Do we complement each other, or do we compete?

On May 22nd, the UK’s Sunday Times carried a major feature highlighting the growing importance of projects and their management. It rightly highlighted the fact that traditional purchasing of goods is giving way to the purchase of results, of outcomes. This trend is further enhanced by continued outsourcing of business operations and service delivery.

The value of projects is supposed to increase by more than 50% – or $18 trillion – over the next few years, creating nearly 16 million new jobs (though it strikes me that many of these will be replacement jobs, not new). The article implies many of these roles will be as ‘project managers’ – in other words, coordinators of the activities needed to deliver valuable contract and project outcomes.

So what are the implications of this to contract managers? Does it represent additional opportunity, or potential elimination?

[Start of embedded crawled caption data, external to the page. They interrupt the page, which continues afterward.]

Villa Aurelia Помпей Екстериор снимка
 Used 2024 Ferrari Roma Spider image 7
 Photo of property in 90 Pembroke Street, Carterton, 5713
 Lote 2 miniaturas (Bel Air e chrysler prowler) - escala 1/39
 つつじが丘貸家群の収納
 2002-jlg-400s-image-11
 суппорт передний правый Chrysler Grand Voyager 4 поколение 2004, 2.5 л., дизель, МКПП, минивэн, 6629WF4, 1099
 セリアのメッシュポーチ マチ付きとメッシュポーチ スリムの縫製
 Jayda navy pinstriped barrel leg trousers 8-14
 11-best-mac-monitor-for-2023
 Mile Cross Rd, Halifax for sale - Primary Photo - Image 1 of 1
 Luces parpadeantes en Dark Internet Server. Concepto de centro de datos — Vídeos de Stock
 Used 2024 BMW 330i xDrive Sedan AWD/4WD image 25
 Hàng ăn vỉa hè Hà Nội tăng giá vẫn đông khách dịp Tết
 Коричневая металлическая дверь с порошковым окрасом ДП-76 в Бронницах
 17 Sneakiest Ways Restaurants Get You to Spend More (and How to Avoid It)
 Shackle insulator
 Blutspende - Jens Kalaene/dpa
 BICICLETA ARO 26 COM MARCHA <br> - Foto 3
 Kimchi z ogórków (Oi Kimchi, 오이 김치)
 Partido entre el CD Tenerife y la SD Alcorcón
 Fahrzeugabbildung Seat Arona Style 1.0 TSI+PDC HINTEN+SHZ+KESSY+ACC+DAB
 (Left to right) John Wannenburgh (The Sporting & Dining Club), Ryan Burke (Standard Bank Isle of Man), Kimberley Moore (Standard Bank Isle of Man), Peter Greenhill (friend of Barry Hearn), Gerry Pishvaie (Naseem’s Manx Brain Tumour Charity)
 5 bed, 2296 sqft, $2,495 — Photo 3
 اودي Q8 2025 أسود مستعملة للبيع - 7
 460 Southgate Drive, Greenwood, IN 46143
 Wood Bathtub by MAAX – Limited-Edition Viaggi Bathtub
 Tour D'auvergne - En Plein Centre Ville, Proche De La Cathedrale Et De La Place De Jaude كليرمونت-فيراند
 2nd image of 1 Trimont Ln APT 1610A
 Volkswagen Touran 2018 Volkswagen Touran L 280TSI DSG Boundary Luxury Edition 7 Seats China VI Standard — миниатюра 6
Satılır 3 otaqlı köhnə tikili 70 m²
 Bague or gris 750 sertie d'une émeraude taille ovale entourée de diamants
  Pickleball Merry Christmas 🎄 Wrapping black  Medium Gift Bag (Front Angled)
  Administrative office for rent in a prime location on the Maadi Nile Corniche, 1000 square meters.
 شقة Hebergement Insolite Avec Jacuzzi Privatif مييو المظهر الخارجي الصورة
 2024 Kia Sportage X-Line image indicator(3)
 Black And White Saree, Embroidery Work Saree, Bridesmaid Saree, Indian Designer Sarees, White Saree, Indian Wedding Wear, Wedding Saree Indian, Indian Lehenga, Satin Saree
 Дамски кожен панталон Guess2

I think we need to look at this from several angles. First, it has been my belief for almost 30 years that any ambitious contract manager needs basic training in the principles of project management. The disciplines associated with project management are applicable to the assembly of a contract, especially the coordination across multiple stakeholders. Second, project managers need similar awareness of contracts (as project management tools) and broader commercial issues (since these are what frequently undermines their project). With some exceptions, there appears to be little interest or understanding on the part of project managers that these are valuable areas of knowledge or expertise. Third, commercial complexity and volatility shows every sign of continuing to increase over the years ahead, demanding resources capable of anticipating, coordinating and managing the results. Fourth, I very much doubt that we will see the emergence of a new breed of ‘multi-functional’ experts, capable of managing every aspect of a complex project, from inception of opportunity to close-out.

What I expect is that our increasingly automated age will still require cross-disciplinary coordinators. It is subject experts who will suffer the greatest attrition, steadily replaced by knowledge systems. So it may be that project managers (primarily technical coordination skills) and contract managers (primarily commercial skills) will increasingly partner and perhaps share accountability for successful project delivery.